# Newbies Start Here



## dutchie (14 February 2008)

G'day all

I would like to start this thread for the benefit of all newbies starting off on the fascinating and mesmerizing world of trading/investing.

I would encourage all experienced traders/investors to add *one* piece of advice/tip to this thread.

I will start the ball rolling with the following:

Don't buy any course/software etc until you know from your own research what you want - this should take at least one year of researching the internet using free sources of education - forums like this one etc.

Then don't buy any courses!!!(other than the 1% good ones).

Good luck newbies!

Cheers 

Dutchie


----------



## sam76 (14 February 2008)

Never blindly trust what is written on a forum.

DYOR = Do Your Own Research

However, saying that, Aussie Stock Forums is *the *most reliable forum on the net.


----------



## prawn_86 (14 February 2008)

Ask as many questions as you can. Which comes back to DYOR.

Take it slowly, and *dont start off investing what you cannot afford to lose*


----------



## MichaelD (14 February 2008)

Learn to simply accept that you will be WRONG about trades a lot of the time and just get out when you're wrong.

"I never met a large loss that wasn't a small loss to begin with" - innumerable successful traders.


----------



## doctorj (14 February 2008)

This thread is going to quickly become cliche city   Just remember that often, cliches are cliches for a good reason.

My piece of advice is to never confuse bulls for brains and realise that beyond a point, the profitability of any single trade comes down to pure chance.  To become (or stay) profitable over the sum of many trades/markets/years you will need to have the proper risk management framework in place.  *Being profitable early on, alone, does not vindicate your strategy* and the idea that 'massive losses won't happen to me' is foolish and you will be found out sooner or later.  Extreme profits can never come without commensurate risk - no matter the reputation of some supposed sages here at ASF and elsewhere.


----------



## julius (14 February 2008)

*Worry is not a sickness but a sign of health.
If you are not worried, you are not risking enough.*


----------



## marklar (14 February 2008)

Don't enter a trade until you know at what points or which signals are your exits.

m.


----------



## disarray (14 February 2008)

there is more to investing than just stocks. there are options and warrants, commodity warrants, foreign exchange, cash (becoming worthwhile as interest rates rise) and others. all have different risk/reward ratios and ways to use them. 
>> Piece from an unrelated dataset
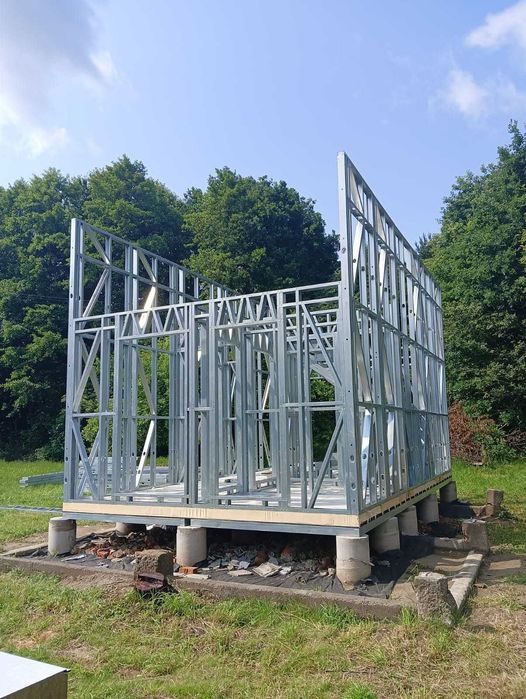 Konstrukcja : hale,domy,garaże,carport,wiaty,pergole,kontenery,schody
as daunting as it all is, searching this board will provide threads which outline where and how to invest in these which takes away a lot of the mystery and fear surrounding it.


----------



## cuttlefish (14 February 2008)

your emotions will be your worst enemy in trading/investing succesfully.  Make decisions objectively based on hard factual data (fundamental or technical), and also try to understand how emotion impacts your own and others trading decisions.  As a beginner, emotions will invariablly get you into a stock at the wrong time and stop you getting out of a stock at the right time.


----------



## ithatheekret (14 February 2008)

He who hesitates loses .


----------



## Wysiwyg (14 February 2008)

ithatheekret said:


> He who hesitates loses .




All good things come to those who wait.


----------



## PhoenixXx (14 February 2008)

If a taxi driver can offer you some stock tips, better stay away from the market, the bull would hit the wall.


----------



## Awesomandy (14 February 2008)

PhoenixXx said:


> If a taxi driver can offer you some stock tips, better stay away from the market, the bull would hit the wall.




It was the other way around for me last time. He asked me for tips.
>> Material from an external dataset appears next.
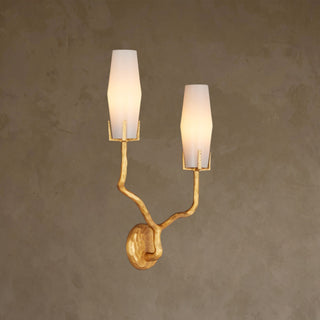 LUMENS LAMP Mathilda 左侧壁灯，采用哑光金色铸铜材质，配有两个乳白色玻璃灯罩，呈现粗犷主义风格。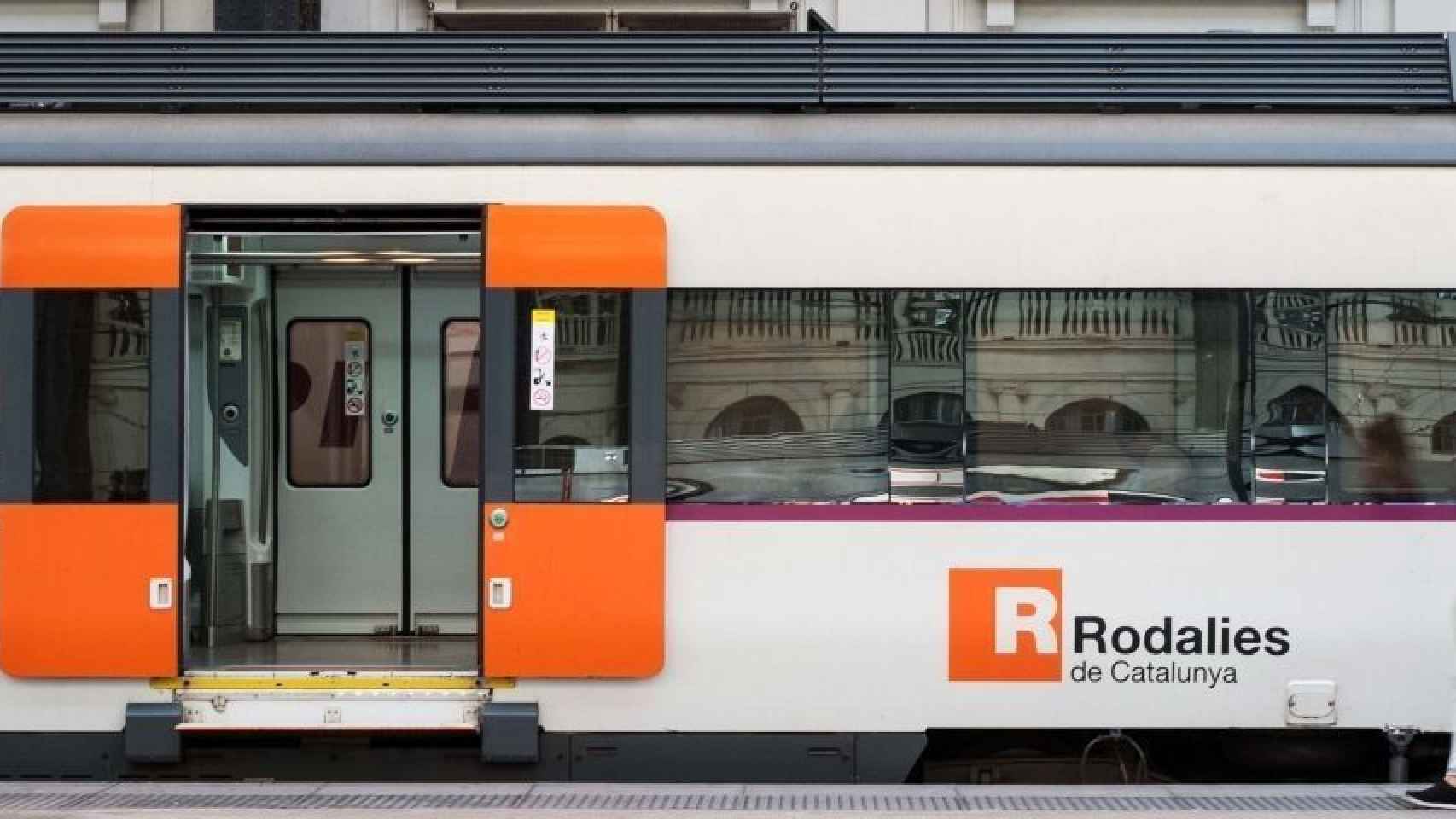 Tren de Rodalies con trayecto entre Barcelona y Mataró, que reducirá su capacidad por obras / HUGO FERNÁNDEZ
One of the points some people seem to forget is that, it doesn't matter if you are wrong most of the times, you can still make money. When you've got a good stock, let the profits run, and re-adjust your profit stops appropriately. If you are wrong, cut your losses quickly. The other day, I was telling my friend that less than 50% of my stock picks had gone up, but I'm still making money.


----------



## Buffettology (14 February 2008)

Dont listen to broker price targets!  

Learn a bit of both fundamental and technical analysis.  

Remember to stocks, there are HUGE risks (people seem to think stocks are the safest "option").  Whereas if you use options/futures (for hedging), you can dramatically decrease risk.  
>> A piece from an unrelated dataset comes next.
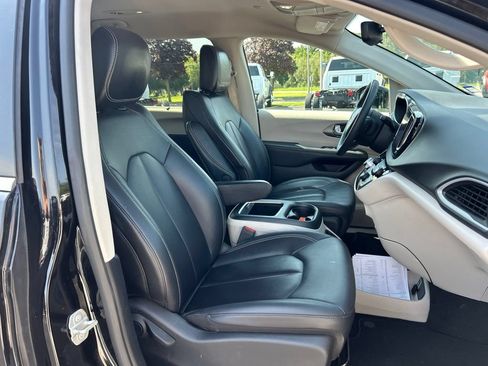 Certified 2024 Chrysler Pacifica Touring-L FWD image 11
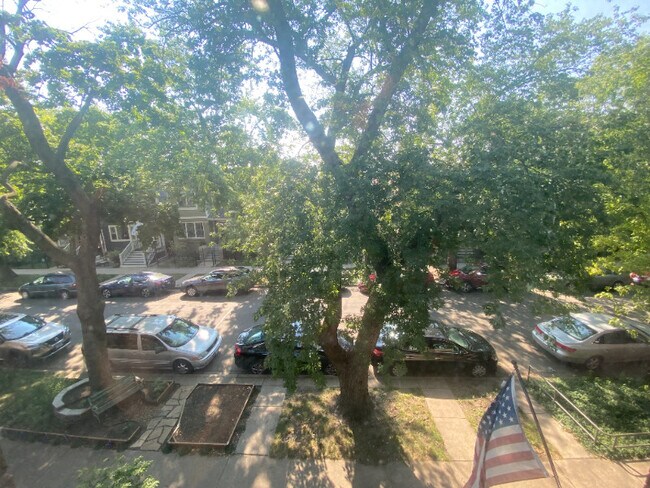 Building Photo - 3327 N Hamilton Ave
Take a look at CCP for an example of HUGE losses even for pure fundamentalists who are usually the "safest" of all investors.


----------



## ROE (14 February 2008)

I only have 2 Rules

1. Invest what you can afford to lose...so if 100% of your capital gone
you still have a decent life style 

2. Dont lose capital


----------



## nioka (14 February 2008)

ithatheekret said:


> He who hesitates loses .




Fools rush in where angels fear to tread.


----------



## wanky (15 February 2008)

is dow is asx


----------



## Gullible (15 February 2008)

Financial planner is code for financial product salesperson.


----------



## Timmy (16 February 2008)

Persevere


----------



## Wysiwyg (20 February 2008)

Let the trade come to you!


----------



## chrisee (20 February 2008)

Don't trade because you just have a good "feeling" about a company.

Do some good research before making a decision.


----------



## korrupt_1 (20 February 2008)

trend is your friend. go with the flow. don't fight it.


----------



## Birdster (20 February 2008)

"The most valuable commodity I know of is information." Gordon Gekko (played by Michael Douglas) - Movie: Wall Street - (1987)


----------